In Punjab state, Hindu and Sikh Jats are a prosperous and powerful social group and not exactly disadvantaged. The Congress-led UPA had not included Jats in Central list, but then the Akali Dal-BJP government in Punjab decided to include them paving the way for their eventual inclusion as a disadvantaged group at the Centre.?
As in Nepal, where the second Constituent Assembly will have to grapple with the backlash of ‘higher’ caste Brahmins and Chhetris to declare themselves indigenous peoples
, the decision threatens India’s affirmative action efforts. It mocks the National Commission for Backward Classes (NCBC)
which is responsible for including those excluded from the central reservation pool. The NCBC has persistently advised the government against including Jats in the Central OBC list, but the lame-duck UPA government did it anyway.
What is also worrying is the silence of other political parties at this brazen subversion of the reservation policy.

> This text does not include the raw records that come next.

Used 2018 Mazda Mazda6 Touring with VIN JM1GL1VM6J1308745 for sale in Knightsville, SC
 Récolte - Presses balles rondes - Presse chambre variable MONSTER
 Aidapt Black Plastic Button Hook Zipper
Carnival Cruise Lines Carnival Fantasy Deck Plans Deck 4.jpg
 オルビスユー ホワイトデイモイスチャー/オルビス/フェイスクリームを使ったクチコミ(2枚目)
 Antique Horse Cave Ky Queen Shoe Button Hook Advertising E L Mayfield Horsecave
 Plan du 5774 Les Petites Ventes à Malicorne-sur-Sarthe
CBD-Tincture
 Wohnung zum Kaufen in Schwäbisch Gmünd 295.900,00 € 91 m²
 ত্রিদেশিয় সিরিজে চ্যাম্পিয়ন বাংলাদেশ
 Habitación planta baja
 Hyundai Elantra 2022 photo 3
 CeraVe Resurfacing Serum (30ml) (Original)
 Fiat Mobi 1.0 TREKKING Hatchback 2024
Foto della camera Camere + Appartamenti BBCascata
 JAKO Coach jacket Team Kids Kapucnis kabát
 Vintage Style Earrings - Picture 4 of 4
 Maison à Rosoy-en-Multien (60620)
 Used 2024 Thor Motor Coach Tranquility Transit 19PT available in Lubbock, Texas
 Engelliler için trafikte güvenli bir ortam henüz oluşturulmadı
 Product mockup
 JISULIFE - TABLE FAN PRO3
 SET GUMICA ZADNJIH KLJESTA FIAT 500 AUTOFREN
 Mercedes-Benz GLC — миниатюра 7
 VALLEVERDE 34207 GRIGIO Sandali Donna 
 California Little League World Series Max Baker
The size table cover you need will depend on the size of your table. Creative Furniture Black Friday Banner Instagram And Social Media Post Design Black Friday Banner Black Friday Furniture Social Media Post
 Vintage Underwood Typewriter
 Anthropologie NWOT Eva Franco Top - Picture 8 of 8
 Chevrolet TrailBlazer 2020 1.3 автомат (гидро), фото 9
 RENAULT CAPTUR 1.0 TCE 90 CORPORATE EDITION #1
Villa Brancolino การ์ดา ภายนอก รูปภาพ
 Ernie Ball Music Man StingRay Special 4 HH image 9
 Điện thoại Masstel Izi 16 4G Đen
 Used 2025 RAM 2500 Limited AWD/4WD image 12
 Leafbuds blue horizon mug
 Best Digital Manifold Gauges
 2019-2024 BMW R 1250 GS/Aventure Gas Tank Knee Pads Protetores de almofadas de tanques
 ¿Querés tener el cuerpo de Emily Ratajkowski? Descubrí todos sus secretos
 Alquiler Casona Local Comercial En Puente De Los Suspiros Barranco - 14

There hasn’t been a squeak from the BJP, the Left, the regional parties, even the Aam Aadmi Party
. But how could you have expected them to behave otherwise? India’s parliamentary elections are just a month away and nobody would want to anger the powerful Jats concentrated in contiguous pockets. Jats make up a quarter of the population of the northern Indian state of Haryana and drive its politics.
India’s mainstream media has largely preferred to ignore the story, demonstrating the bias of predominantly upper caste journalists, as their interests are not affected by the decision to extend reservation to Jats. Their children compete for jobs in the general pool, the Jats can only eat into the share of the more underprivileged classes.
Though the Jats have been agitating for an inordinately long period to be included in the Central OBC list, it can be argued that the UPA chose to override the advice of NCBC now only because of the political implications of the anti-Muslim Muzafarnagar riots.
The NCBC had earlier wanted to conduct a social survey to determine whether the Jats are indeed socially and educationally backward to be included in the Central OBC list. But the UPA cabinet decided: ‘NCBC be requested to reconsider its earlier decision of conducting a survey and tender its advice of inclusion of Jats in the Central list of OBCs based on the reports and material available.’
The Congress seems to have attributed its defeat in local assembly elections in December to the alienation of Jats and the Muzaffarnagar communal riots
pushed the Jats towards the BJP. More significantly, the Congress’ suggestion to the NCBC to ‘tender advice’ on the ‘reports and material available’ was the government’s method of mounting pressure on the NCBC to fall in line.
Unfortunately for the Congress, the NCBC not only refused an OBC status for Jats, it issued a dire warning that if Jats are included they will corner all jobs and opportunities going to the excluded groups.
But this is precisely what the UPA government did last week, illustrating vividly how India’s reservation policy has become skewed. The very idea behind forming the NCBC was to conduct periodic social surveys to weed out from the reservation pool those castes which had been scientifically determined to have overcome backwardness. This was thought necessary in order to ensure the benefits of affirmative action accrue to the most backward classes. But India is going into reverse: including castes which are socially advanced. As Nepal charts out for itself a democratic future, it may as well look closely at India’s experience with the politics of identity and steer away from its pitfalls.